» WORK ORDER
Pull out every line below that holds the word "Black".

» MATERIAL FOR THIS EXERCISE
============================================================
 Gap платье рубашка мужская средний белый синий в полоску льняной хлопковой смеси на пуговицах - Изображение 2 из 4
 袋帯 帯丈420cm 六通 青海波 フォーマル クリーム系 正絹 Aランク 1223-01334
============================================================
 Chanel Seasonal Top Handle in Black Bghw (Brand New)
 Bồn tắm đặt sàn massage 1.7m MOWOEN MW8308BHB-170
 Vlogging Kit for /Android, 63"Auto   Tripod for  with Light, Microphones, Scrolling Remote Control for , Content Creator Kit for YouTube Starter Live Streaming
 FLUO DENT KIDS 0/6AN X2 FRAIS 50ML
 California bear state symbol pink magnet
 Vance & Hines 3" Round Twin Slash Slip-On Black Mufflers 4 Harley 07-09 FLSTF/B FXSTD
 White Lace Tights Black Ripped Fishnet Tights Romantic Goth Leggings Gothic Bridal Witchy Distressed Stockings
============================================================
» YOUR RESPONSE
 Chanel Seasonal Top Handle in Black Bghw (Brand New)
 Vance & Hines 3" Round Twin Slash Slip-On Black Mufflers 4 Harley 07-09 FLSTF/B FXSTD
 White Lace Tights Black Ripped Fishnet Tights Romantic Goth Leggings Gothic Bridal Witchy Distressed Stockings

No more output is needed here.